Ex Playboy Playmate and former aid to OC Supervisor Todd Spitzer receives $150K in wrongful termination settlement

Orange County Supervisor, 3rd District Todd Spitzer speaks at OCFA (Adam Gilles/Lariat)

Orange County Supervisor, 3rd District Todd Spitzer speaks at OCFA. (Adam Gilles/Lariat)

The Orange County Board of Supervisors voted unanimously to pay Christine Richters $150,000 to settle a lawsuit she filed against her former boss, OC 3rd District Supervisor Todd Spitzer, in which she accused him of wrongful termination based on her disability, overtime wage violations and anger issues that led to her health being damaged on Tuesday, Sept. 26.

Richters, 51, who was the May 1986 Playboy Playmate of the Month, worked for Spitzer’s 2012 supervisory campaign. He later hired her as an executive assistant in February 2013 before firing her in October 2016.

Spitzer’s office declined a request to comment on why he kept Richters employed on his staff for three years even though his office claimed in a March 28 statement that “Despite being counseled numerous times by the Chief of Staff and Supervisor Spitzer to learn basic computer skills that would equip her with the necessary skills to do her job, she refused to do so.”

Richters filed the lawsuit in March alleging that Spitzer had a “raging temper” and required employees to be “on standby 24 hours per day, 7 days per week to respond to any text message”  that he sent to them.

Although she did not mention any specific incident of hostile interaction with Spitzer in her lawsuit, as evidence to her claim that he ran his office “by means of fear and aggression,” Richters included a memo from Spitzer to his staff that said his text messages “are to be responded to within 15 minutes of receipt unless there is an overriding excuse.”

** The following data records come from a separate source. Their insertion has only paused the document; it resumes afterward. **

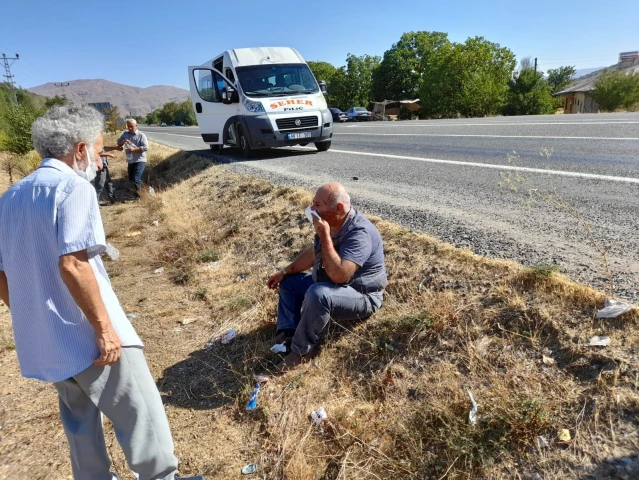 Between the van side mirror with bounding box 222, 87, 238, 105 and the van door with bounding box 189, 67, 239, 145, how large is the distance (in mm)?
112

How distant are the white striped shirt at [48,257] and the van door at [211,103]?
10066 millimetres

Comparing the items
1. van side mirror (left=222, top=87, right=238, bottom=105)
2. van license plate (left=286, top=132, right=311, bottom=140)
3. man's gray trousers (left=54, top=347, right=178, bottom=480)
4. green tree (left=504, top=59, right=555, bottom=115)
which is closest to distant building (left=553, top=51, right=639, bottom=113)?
green tree (left=504, top=59, right=555, bottom=115)

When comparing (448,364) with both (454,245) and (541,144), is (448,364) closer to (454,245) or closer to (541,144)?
(454,245)

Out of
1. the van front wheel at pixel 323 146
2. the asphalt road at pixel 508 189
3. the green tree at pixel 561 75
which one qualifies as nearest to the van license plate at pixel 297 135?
the asphalt road at pixel 508 189

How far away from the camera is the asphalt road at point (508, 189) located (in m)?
3.65

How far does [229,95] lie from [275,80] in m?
1.20

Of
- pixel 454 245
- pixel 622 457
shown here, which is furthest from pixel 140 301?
pixel 622 457

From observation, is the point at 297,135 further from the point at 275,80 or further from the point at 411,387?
the point at 411,387

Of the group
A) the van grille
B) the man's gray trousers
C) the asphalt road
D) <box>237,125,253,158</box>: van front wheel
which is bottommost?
the man's gray trousers

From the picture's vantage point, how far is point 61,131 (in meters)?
1.99

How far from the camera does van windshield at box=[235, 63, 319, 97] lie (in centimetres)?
1115

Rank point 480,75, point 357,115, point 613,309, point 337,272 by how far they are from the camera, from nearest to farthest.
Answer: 1. point 613,309
2. point 337,272
3. point 357,115
4. point 480,75

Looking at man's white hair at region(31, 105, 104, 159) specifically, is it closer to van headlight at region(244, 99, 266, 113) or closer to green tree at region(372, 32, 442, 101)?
van headlight at region(244, 99, 266, 113)

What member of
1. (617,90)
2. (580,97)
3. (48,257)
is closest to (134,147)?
(48,257) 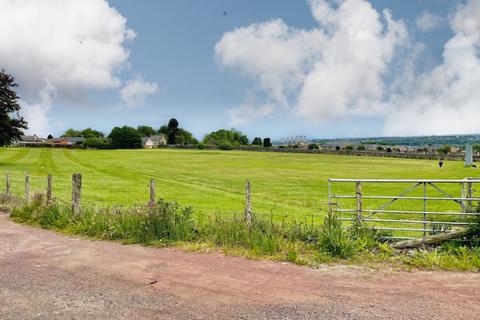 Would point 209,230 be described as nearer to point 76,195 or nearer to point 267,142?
point 76,195

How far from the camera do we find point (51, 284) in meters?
7.77

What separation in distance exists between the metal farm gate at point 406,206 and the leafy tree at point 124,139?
123084mm

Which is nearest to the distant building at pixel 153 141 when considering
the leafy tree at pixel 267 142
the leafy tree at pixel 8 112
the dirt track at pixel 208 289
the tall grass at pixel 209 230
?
the leafy tree at pixel 267 142

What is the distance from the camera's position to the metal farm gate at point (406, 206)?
1057 cm

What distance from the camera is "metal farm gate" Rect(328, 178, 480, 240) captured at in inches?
416

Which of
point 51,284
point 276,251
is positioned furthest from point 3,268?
point 276,251

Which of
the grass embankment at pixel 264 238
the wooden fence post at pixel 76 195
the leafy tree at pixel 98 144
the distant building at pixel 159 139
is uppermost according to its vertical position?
the distant building at pixel 159 139

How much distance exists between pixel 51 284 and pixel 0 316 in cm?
145

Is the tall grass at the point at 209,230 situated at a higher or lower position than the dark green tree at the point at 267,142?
lower

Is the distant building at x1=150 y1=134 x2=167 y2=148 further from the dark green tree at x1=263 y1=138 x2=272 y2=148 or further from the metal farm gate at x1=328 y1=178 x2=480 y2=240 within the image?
the metal farm gate at x1=328 y1=178 x2=480 y2=240

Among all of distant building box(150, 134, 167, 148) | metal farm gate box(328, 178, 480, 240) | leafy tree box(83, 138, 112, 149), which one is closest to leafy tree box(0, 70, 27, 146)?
metal farm gate box(328, 178, 480, 240)

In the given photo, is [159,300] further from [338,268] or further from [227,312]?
[338,268]

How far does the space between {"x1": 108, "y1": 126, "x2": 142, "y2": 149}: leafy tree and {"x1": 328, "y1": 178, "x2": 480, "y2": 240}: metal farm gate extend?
123 metres

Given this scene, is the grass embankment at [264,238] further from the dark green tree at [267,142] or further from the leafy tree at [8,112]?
the dark green tree at [267,142] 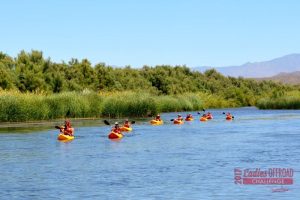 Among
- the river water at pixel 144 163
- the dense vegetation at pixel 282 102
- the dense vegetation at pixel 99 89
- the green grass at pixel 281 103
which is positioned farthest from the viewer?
the dense vegetation at pixel 282 102

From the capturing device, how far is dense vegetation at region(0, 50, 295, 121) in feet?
204

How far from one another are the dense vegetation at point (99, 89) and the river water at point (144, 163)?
1160 centimetres

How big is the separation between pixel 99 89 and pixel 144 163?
72771 mm

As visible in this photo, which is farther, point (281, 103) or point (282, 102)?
point (281, 103)

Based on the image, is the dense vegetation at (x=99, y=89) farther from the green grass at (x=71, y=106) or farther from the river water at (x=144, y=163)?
the river water at (x=144, y=163)

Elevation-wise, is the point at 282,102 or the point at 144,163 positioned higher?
the point at 282,102

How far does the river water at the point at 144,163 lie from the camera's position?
914 inches

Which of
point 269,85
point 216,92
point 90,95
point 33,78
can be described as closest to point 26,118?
point 90,95

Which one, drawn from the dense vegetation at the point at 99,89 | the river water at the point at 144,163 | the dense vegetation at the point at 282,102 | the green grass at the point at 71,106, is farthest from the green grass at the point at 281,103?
the river water at the point at 144,163

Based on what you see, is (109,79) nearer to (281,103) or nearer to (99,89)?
(99,89)

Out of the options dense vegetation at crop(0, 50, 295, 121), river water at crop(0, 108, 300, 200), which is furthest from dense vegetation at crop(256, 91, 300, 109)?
river water at crop(0, 108, 300, 200)

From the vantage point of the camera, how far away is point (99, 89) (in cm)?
10325

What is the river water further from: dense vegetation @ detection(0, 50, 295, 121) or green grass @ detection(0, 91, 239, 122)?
dense vegetation @ detection(0, 50, 295, 121)

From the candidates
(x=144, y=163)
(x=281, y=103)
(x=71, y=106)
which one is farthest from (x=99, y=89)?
(x=144, y=163) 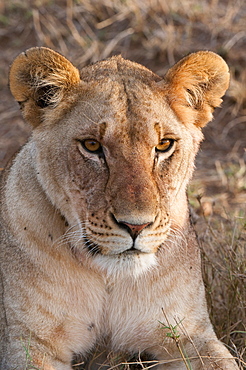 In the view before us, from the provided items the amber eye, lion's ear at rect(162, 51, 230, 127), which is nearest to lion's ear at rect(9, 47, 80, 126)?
the amber eye

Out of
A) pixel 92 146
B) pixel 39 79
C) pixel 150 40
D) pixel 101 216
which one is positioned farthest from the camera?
pixel 150 40

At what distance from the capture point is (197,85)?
295 cm

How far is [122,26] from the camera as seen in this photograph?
7.37 meters

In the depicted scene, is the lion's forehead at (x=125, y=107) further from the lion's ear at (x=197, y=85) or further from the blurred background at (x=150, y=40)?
the blurred background at (x=150, y=40)

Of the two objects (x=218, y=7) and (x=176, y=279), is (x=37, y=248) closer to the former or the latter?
(x=176, y=279)

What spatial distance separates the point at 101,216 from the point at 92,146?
303 millimetres

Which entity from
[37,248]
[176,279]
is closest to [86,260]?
[37,248]

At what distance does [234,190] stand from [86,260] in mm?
2977

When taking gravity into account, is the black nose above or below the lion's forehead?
below

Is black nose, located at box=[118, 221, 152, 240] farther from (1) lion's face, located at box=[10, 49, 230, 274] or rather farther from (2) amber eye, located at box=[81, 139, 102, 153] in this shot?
(2) amber eye, located at box=[81, 139, 102, 153]

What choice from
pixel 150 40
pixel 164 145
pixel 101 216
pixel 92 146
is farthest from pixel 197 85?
pixel 150 40

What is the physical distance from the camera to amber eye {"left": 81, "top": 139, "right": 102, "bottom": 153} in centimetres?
260

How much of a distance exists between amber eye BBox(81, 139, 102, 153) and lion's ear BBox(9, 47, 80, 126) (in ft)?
0.90

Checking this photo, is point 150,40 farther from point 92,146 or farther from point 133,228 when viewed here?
point 133,228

Spitzer also warned that “an hour of your pay will be docked” if the policy was violated.

In a news release, Spitzer called Richter’s allegations “disheartening, misleading and simply untrue.”

Todd Spitzer’s office issued a statement on Sept. 26 that said the the county agreed to the settlement “due to a technical issue surrounding overtime exemptions” and that it was “a business decision to settle.”

This is the second lawsuit involving Spitzer that the county has settled in the past two months. In August, the county paid $121,000 to cover the legal fees that the investigative news organization Voice of OC incurred to obtain documents Spitzer wrote regarding an April 2015 incident between him and a Boys Town youth counselor that took place at a Foothill Ranch Wahoo’s restaurant.

Spitzer, a former volunteer reserve officer for the Los Angeles Police Department from 1990 to 2000, made a call to 911 before taking a pair of handcuffs and his licensed concealed carry firearm out of his car to make a citizen’s arrest on Jeovany Castellano, whom Spitzer claimed was harassing him inside of the restaurant.

Castellano was unarmed and reportedly submitted to being handcuffed by Spitzer before police arrived on the scene. Sheriff’s investigators concluded that Spitzer’s actions were legal and no arrests were made regarding the incident.

The bills for the settlements, as with any lawsuit a county official or supervisor loses, will be paid by the taxpayers. Spitzer’s office declined a request for comment when asked about any possible actions by his office or the county to offset the cost of these settlements to the taxpayers.

The two settlements by the county come within months after Spitzer announced that he would be taking on 20-year-incumbent Tony Rackauckas in the June 2018 election for Orange County District Attorney.

Spitzer was a county prosecutor until he was fired by Rackauckas in 2010 and has been considered a probable candidate for the job for some time.